Unfortunately the things aren't easy. We have other user of strreplace() in fs/jbd2/journal.c. So, at least, the commit 7afb6d8fa81fd8d332f70ead5e35d8c90abb8165 jbd2: Avoid printing outside the boundary of the buffer needs to be backported as well. Above all, the remaining question is whether it's preferred to change the existing API function behavior for external drivers. I *guess* it's likely OK, as we'd align with the current upstream. But this needs a bit more cares...

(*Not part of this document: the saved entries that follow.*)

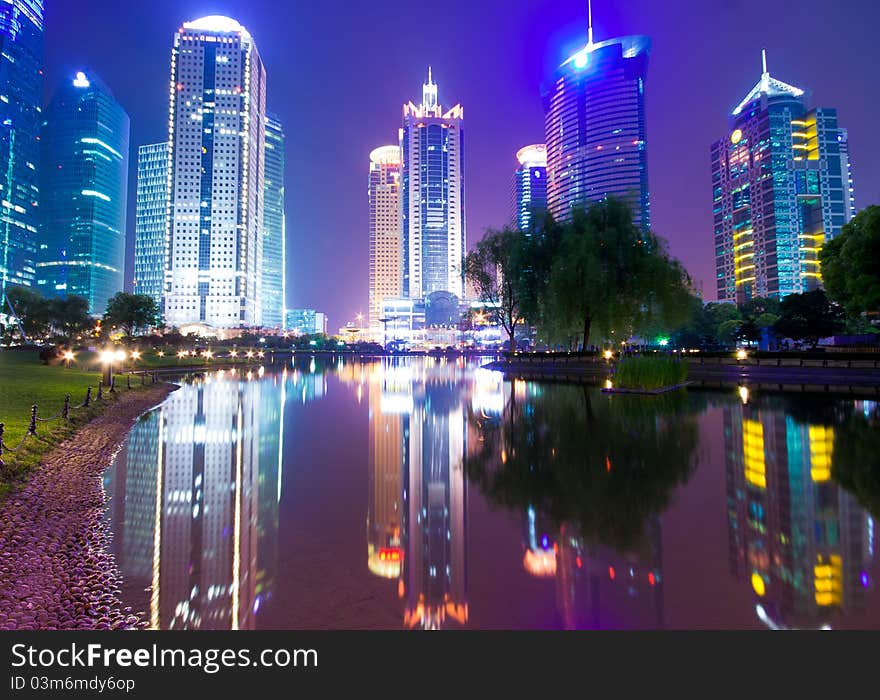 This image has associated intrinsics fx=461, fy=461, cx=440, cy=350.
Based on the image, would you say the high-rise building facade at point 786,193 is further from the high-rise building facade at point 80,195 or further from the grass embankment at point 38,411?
the high-rise building facade at point 80,195

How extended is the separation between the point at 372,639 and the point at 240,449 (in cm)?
791

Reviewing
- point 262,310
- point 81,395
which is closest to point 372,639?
point 81,395

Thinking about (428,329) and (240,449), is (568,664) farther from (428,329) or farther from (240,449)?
(428,329)

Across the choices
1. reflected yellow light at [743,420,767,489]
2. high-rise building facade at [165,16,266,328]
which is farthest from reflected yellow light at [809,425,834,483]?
high-rise building facade at [165,16,266,328]

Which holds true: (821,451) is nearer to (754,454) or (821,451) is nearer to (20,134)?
(754,454)

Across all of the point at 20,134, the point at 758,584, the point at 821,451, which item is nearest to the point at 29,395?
the point at 758,584

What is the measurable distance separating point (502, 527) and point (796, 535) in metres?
3.54

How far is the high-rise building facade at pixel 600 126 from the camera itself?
495ft

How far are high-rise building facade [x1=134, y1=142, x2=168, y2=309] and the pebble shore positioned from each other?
17442 centimetres

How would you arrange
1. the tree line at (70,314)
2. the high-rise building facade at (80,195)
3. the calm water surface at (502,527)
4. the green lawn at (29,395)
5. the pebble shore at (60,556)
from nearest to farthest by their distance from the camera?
the pebble shore at (60,556) → the calm water surface at (502,527) → the green lawn at (29,395) → the tree line at (70,314) → the high-rise building facade at (80,195)

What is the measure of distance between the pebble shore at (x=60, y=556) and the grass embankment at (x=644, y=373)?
21.1m

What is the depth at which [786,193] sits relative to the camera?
502ft

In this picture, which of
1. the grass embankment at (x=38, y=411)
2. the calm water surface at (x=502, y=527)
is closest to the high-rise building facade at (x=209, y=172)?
the grass embankment at (x=38, y=411)

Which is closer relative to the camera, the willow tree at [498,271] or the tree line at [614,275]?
the tree line at [614,275] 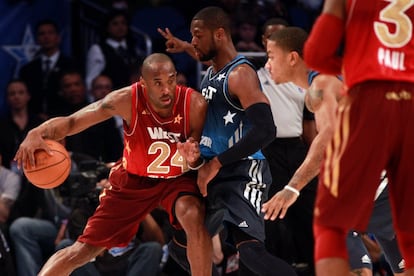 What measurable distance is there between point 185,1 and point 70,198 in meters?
3.28

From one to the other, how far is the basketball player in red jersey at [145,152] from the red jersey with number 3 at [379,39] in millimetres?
1913

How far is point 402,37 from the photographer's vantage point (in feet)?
15.1

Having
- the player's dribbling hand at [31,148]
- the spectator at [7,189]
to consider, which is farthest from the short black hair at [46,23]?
the player's dribbling hand at [31,148]

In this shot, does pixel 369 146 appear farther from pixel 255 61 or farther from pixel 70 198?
pixel 70 198

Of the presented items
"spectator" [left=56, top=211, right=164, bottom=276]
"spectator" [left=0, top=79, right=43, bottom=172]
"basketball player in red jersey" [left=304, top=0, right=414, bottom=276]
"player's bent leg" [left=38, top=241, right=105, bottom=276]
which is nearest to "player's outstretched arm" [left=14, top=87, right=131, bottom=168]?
"player's bent leg" [left=38, top=241, right=105, bottom=276]

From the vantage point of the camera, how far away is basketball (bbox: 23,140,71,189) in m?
6.20

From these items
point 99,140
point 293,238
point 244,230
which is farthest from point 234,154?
point 99,140

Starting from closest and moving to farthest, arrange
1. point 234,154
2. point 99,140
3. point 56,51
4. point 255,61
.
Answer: point 234,154 < point 255,61 < point 99,140 < point 56,51

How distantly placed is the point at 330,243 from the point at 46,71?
19.0 feet

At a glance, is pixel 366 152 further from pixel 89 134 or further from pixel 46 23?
pixel 46 23

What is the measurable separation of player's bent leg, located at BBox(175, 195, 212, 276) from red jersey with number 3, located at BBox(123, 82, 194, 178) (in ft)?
0.83

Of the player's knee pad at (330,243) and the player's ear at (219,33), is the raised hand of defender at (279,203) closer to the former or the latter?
the player's knee pad at (330,243)

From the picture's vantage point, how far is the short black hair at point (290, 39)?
19.4ft

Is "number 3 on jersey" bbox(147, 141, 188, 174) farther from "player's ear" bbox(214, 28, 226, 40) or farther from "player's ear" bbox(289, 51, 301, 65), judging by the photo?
"player's ear" bbox(289, 51, 301, 65) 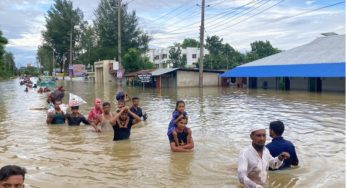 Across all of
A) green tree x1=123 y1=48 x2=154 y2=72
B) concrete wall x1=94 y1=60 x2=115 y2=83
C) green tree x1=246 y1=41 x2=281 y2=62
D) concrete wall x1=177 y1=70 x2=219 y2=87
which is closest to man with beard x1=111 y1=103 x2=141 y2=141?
concrete wall x1=177 y1=70 x2=219 y2=87

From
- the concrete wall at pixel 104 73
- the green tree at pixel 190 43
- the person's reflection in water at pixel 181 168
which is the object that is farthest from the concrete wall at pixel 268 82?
the green tree at pixel 190 43

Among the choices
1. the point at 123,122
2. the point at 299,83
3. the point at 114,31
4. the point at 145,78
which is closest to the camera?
the point at 123,122

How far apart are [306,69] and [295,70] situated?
1.24 meters

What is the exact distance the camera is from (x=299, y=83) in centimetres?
3919

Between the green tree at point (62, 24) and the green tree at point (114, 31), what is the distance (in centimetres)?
1393

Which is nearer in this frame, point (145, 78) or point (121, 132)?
point (121, 132)

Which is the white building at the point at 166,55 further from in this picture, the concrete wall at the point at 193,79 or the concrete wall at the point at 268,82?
the concrete wall at the point at 268,82

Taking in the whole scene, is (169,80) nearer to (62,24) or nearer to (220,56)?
(220,56)

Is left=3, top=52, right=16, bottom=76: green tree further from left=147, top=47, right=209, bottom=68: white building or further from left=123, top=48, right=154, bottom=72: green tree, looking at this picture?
left=123, top=48, right=154, bottom=72: green tree

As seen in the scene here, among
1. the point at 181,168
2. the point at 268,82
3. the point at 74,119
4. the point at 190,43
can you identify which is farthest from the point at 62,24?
the point at 181,168

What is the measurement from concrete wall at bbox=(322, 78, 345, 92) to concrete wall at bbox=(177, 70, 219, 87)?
631 inches

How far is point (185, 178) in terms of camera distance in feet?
24.1

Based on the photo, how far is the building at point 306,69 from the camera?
3353cm

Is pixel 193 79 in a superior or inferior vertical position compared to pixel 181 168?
superior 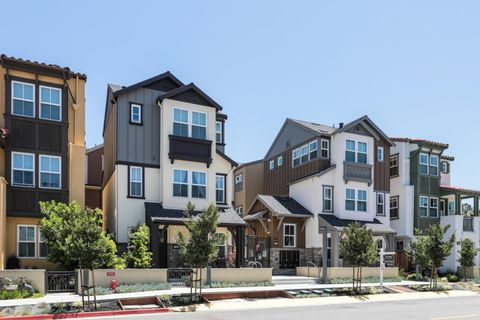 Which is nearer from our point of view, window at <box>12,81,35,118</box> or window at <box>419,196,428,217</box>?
window at <box>12,81,35,118</box>

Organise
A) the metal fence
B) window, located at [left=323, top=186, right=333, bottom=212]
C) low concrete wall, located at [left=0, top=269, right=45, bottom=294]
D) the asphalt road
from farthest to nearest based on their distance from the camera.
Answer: window, located at [left=323, top=186, right=333, bottom=212], the metal fence, low concrete wall, located at [left=0, top=269, right=45, bottom=294], the asphalt road

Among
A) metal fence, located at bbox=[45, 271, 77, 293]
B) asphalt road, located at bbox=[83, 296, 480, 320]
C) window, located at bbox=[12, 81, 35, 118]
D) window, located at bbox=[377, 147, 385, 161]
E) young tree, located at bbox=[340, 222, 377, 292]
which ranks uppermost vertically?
window, located at bbox=[12, 81, 35, 118]

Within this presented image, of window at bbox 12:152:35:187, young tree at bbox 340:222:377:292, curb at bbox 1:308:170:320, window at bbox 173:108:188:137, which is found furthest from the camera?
window at bbox 173:108:188:137

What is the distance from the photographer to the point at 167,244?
28.6 metres

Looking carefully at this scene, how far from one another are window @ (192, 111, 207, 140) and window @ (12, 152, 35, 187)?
9.28m

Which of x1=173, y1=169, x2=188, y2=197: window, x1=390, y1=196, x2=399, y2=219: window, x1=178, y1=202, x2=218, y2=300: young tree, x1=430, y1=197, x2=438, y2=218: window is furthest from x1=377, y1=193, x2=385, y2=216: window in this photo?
x1=178, y1=202, x2=218, y2=300: young tree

As a safer option, I'm going to revert the backports of commit 045ad46441a and 7f146b24297b. The former can be the likely culprit of the memory corruption, and the latter is obviously dangerous to use. If we all agree for aligning with the upstream changes, we can re-backport those with other fixes later (but before kABI freeze :)
After discussions, I re-backported the full patches again but with the proper missing fixes at this time. The (re-)backported upstream commits are: 7afb6d8fa81fd8d332f70ead5e35d8c90abb8165 jbd2: Avoid printing outside the boundary of the buffer d01a77afd6bef1b3a2ed15e8ca6887ca7da0cddc lib/string_helpers: Change returned value of the strreplace() 045ad46441a1cf2ff358af0126f8c57f337804fa lib/string_helpers: Add kstrdup_and_replace() helper 7f146b24297bf58c19f916aee530155c830c5598 driver core: Replace kstrdup() + strreplace() with kstrdup_and_replace()
Let's close. If the problem still persists with the latest kernel, please reopen.
A SR mentioning this bug was successfully integrated into Build 58.1. Please, if needed, set it to RESOLVED FIXED for QE to verify it.